◆ **PROBLEM TO SOLVE**: Please repeat every record exactly, leaving out any pictures.

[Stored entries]
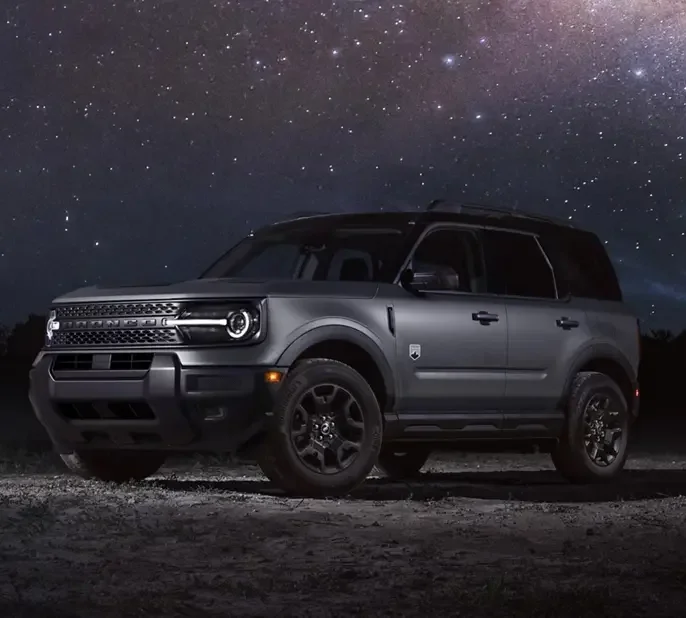 A black new Ford Bronco Sport with the Black Appearance Package is parked on a rocky shoreline next to the ocean.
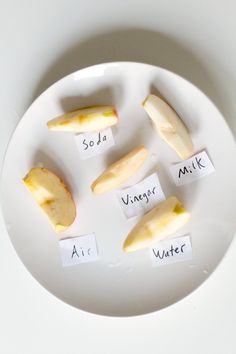 four pieces of fruit on a white plate with words written on them that spell out their names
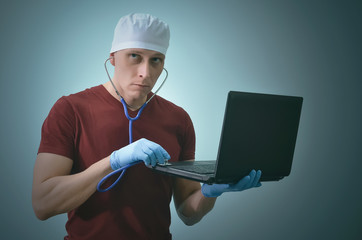 Computer technician engineer in the medical gloves and with stethoscope is repairing a laptop computer.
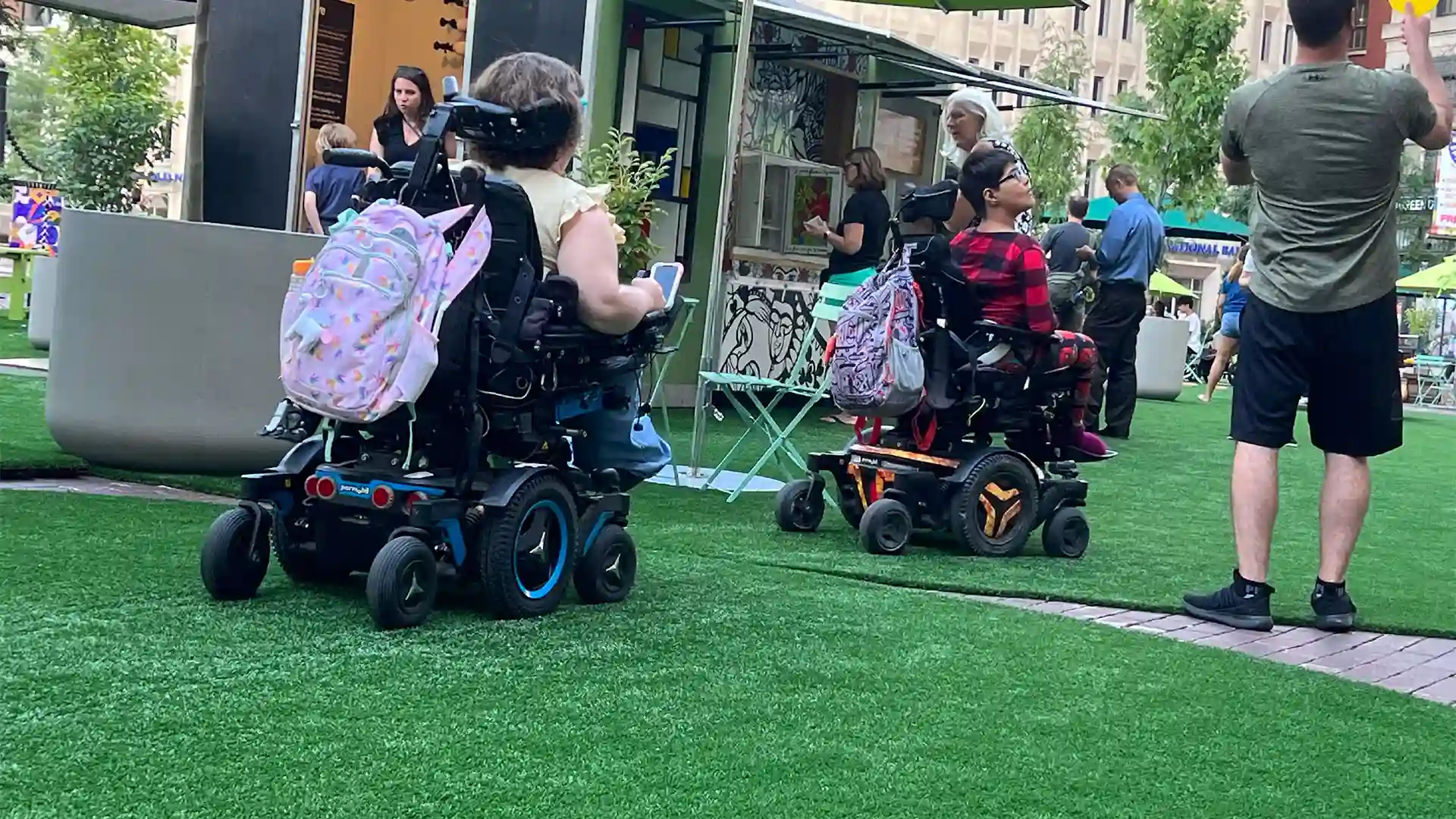 image of people in motorized wheelchairs on SYNLawn artificial grass at historic Monument Circle Park Indianapolis Indiana
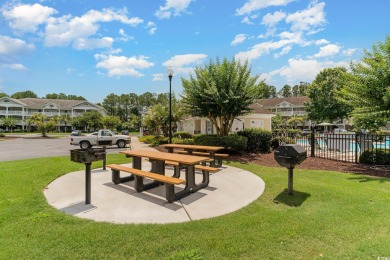 This top floor, fully furnished condo at River Crossing in on Barefoot Resort and Golf Club - Norman Course in South Carolina - for sale on GolfHomes.com, golf home, golf lot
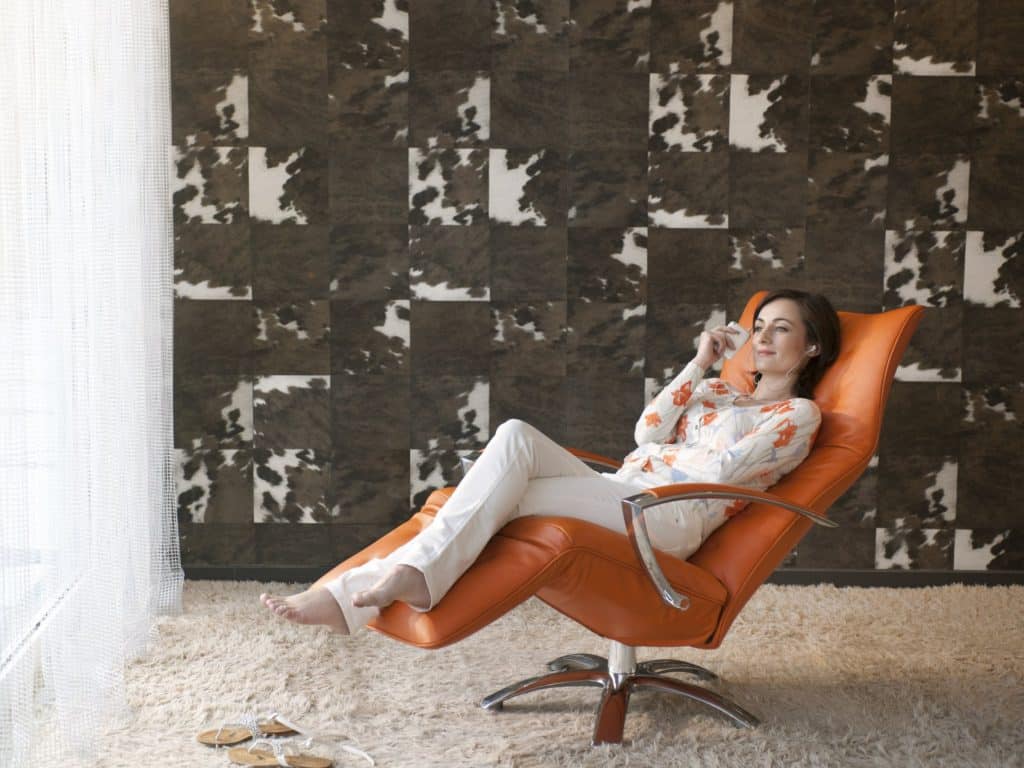 Vrouw ontspannen in een Jori Square relaxfauteuil in oranje leer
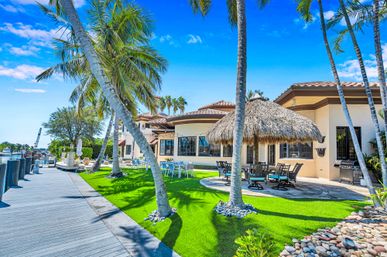 Waterfront, palm-lined tropical backyard at a Mediterranean-style villa with a thatched tiki hut patio, outdoor dining sets on vibrant green lawn and a wooden dock along the marina under a bright blue sky.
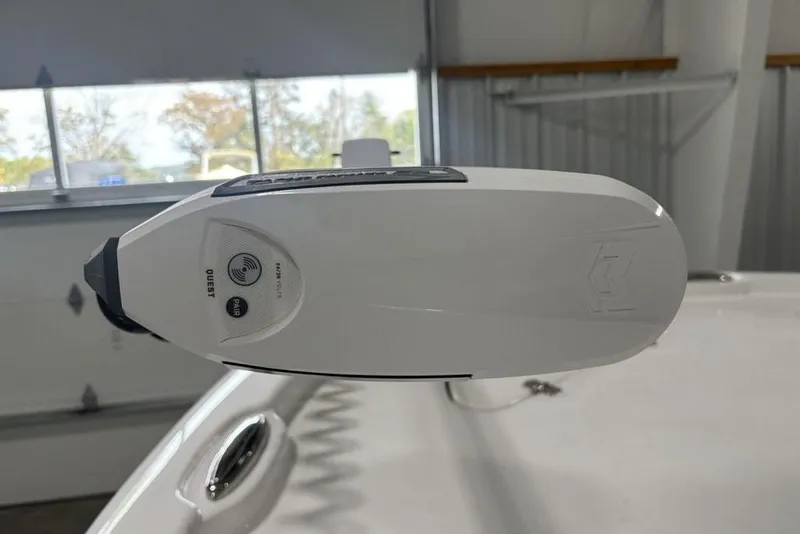 Slide: The Image of 2026 Tidewater 2210 Carolina Bay boat storage compartment with secure latch and hinges. - 10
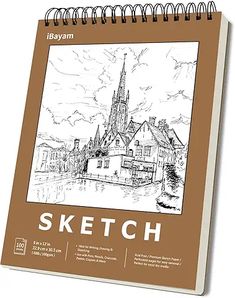 a sketch book with an image of a church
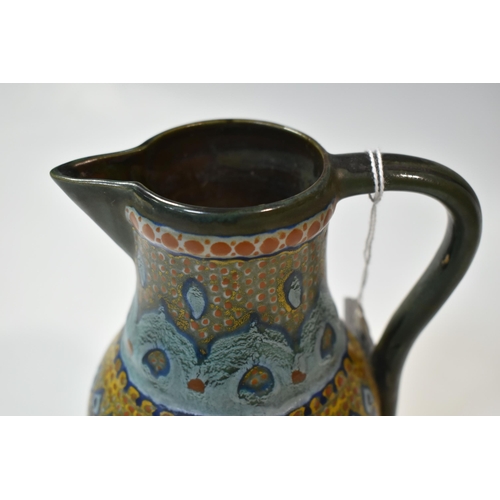 390 - A LIBERTY & CO. ARTS & CRAFTS JUG, decorated in a green, turquoise and yellow Peacock feather design... 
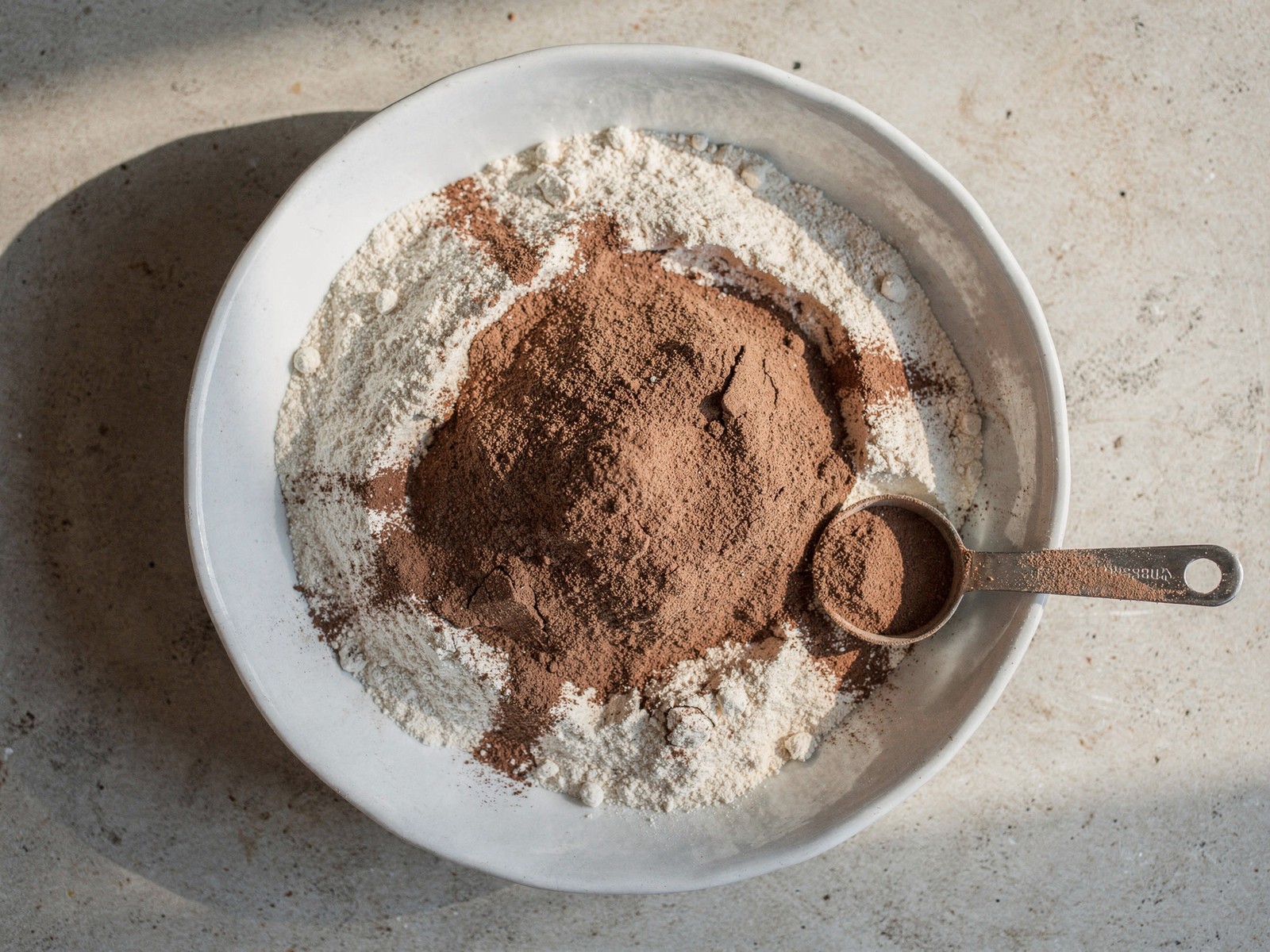 Dry ingredients for cocoa and chocolate pasta recipe mixed in a white bowl with cocoa powder visible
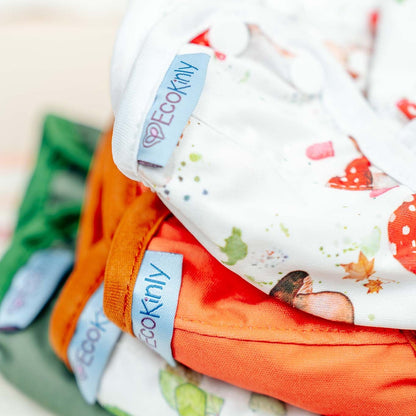 Stack of colorful baby clothes with 'EcoKini' labels on a blurred background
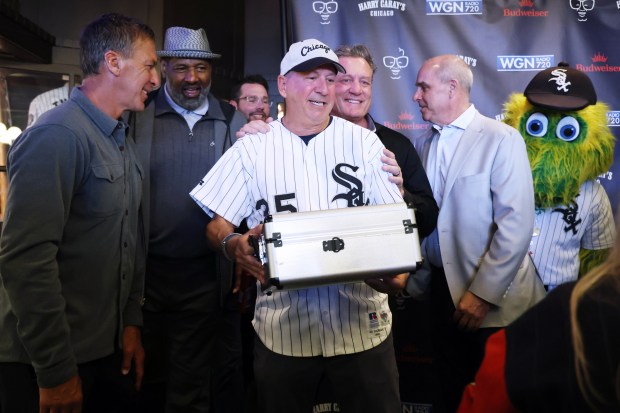 Real estate developer Lee Golub holds a case containing a baseball from the 1919 World Series at Harry Caray's Tavern on Tuesday, March 18, 2025, during the 27th annual toast to Harry Caray. Also seen, from left, are retired athletes Chris Chelios (Blackhawks), Richard Dent (Bears), Jeremy Roenick (Blackhawks), Mike Huff (White Sox) and the White Sox mascot Southpaw. (Terrence Antonio James/Chicago Tribune)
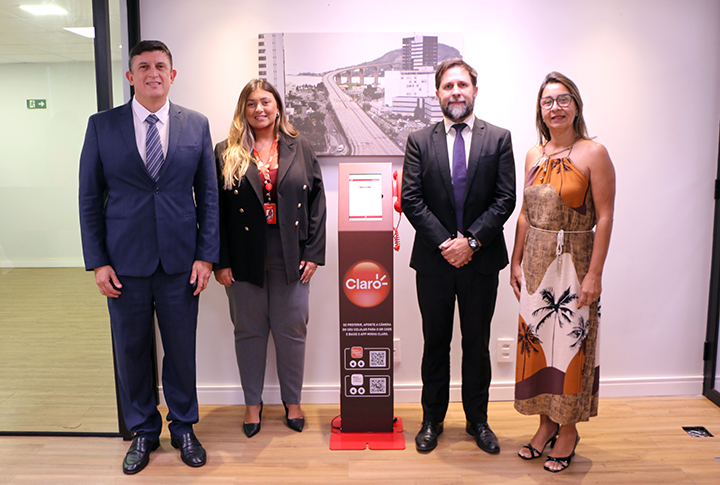 Membros do judiciário capixaba e representante da empresa Claro posam para foto.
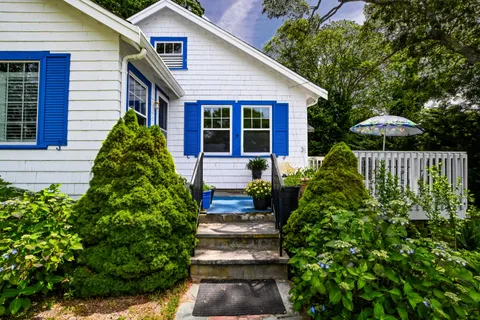 a front view of a house with a garden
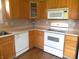 Functional kitchen with modern white appliances, stainless sink, wood cabinets and laminate flooring at 10178 Cornith Way, Avon, IN 46123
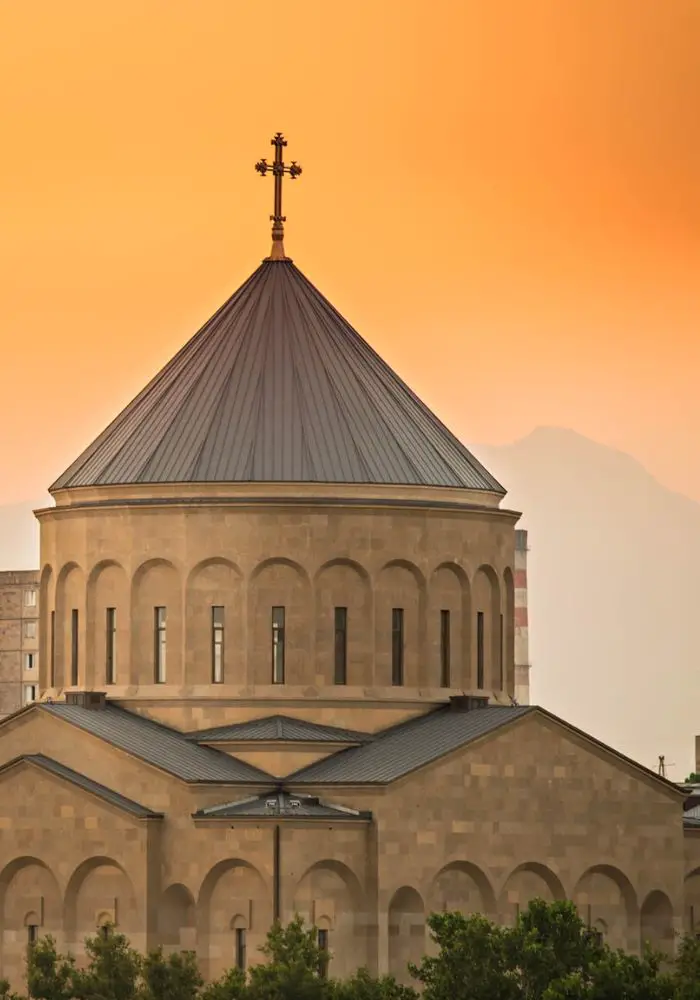 A sunset behind one of Armenia's many cathedrals.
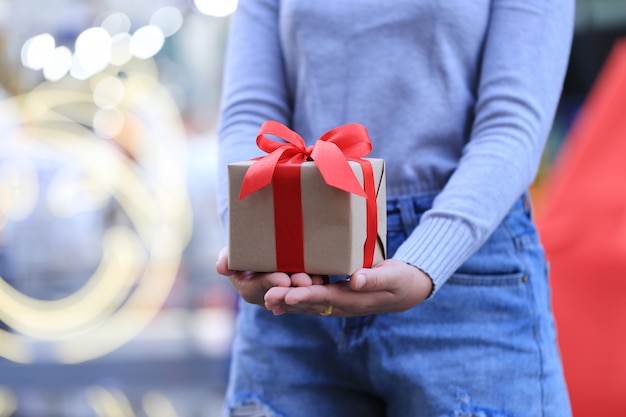 Vrouwelijke handen die giftdoos met rood lint houden voor Kerstmis en Nieuwjaarsdag of Groetseizoen, Valentijnskaartendag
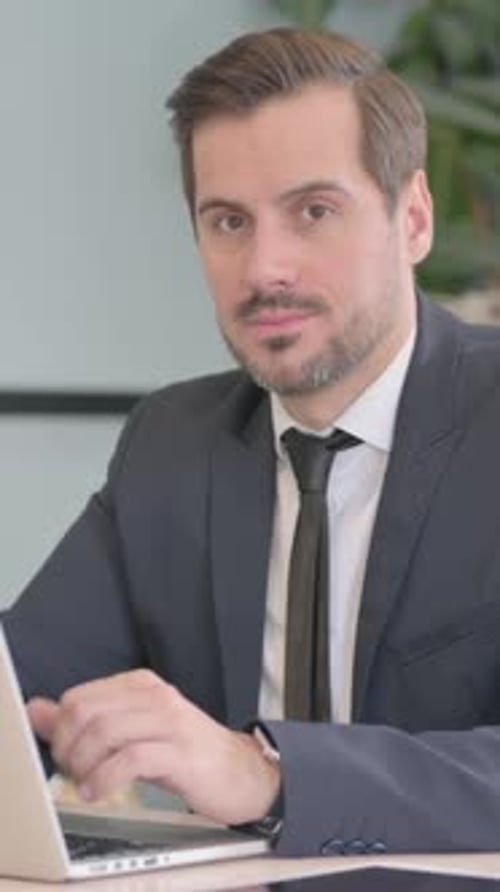 Man in Suit Working at Laptop Gives Thumbs Up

◆ **EXERCISE RESPONSE**:
 A black new Ford Bronco Sport with the Black Appearance Package is parked on a rocky shoreline next to the ocean.
 four pieces of fruit on a white plate with words written on them that spell out their names
 Computer technician engineer in the medical gloves and with stethoscope is repairing a laptop computer.
 image of people in motorized wheelchairs on SYNLawn artificial grass at historic Monument Circle Park Indianapolis Indiana
 This top floor, fully furnished condo at River Crossing in on Barefoot Resort and Golf Club - Norman Course in South Carolina - for sale on GolfHomes.com, golf home, golf lot
 Vrouw ontspannen in een Jori Square relaxfauteuil in oranje leer
 Waterfront, palm-lined tropical backyard at a Mediterranean-style villa with a thatched tiki hut patio, outdoor dining sets on vibrant green lawn and a wooden dock along the marina under a bright blue sky.
 Slide: The Image of 2026 Tidewater 2210 Carolina Bay boat storage compartment with secure latch and hinges. - 10
 a sketch book with an image of a church
 390 - A LIBERTY & CO. ARTS & CRAFTS JUG, decorated in a green, turquoise and yellow Peacock feather design... 
 Dry ingredients for cocoa and chocolate pasta recipe mixed in a white bowl with cocoa powder visible
 Stack of colorful baby clothes with 'EcoKini' labels on a blurred background
 Real estate developer Lee Golub holds a case containing a baseball from the 1919 World Series at Harry Caray's Tavern on Tuesday, March 18, 2025, during the 27th annual toast to Harry Caray. Also seen, from left, are retired athletes Chris Chelios (Blackhawks), Richard Dent (Bears), Jeremy Roenick (Blackhawks), Mike Huff (White Sox) and the White Sox mascot Southpaw. (Terrence Antonio James/Chicago Tribune)
 Membros do judiciário capixaba e representante da empresa Claro posam para foto.
 a front view of a house with a garden
 Functional kitchen with modern white appliances, stainless sink, wood cabinets and laminate flooring at 10178 Cornith Way, Avon, IN 46123
 A sunset behind one of Armenia's many cathedrals.
 Vrouwelijke handen die giftdoos met rood lint houden voor Kerstmis en Nieuwjaarsdag of Groetseizoen, Valentijnskaartendag
 Man in Suit Working at Laptop Gives Thumbs Up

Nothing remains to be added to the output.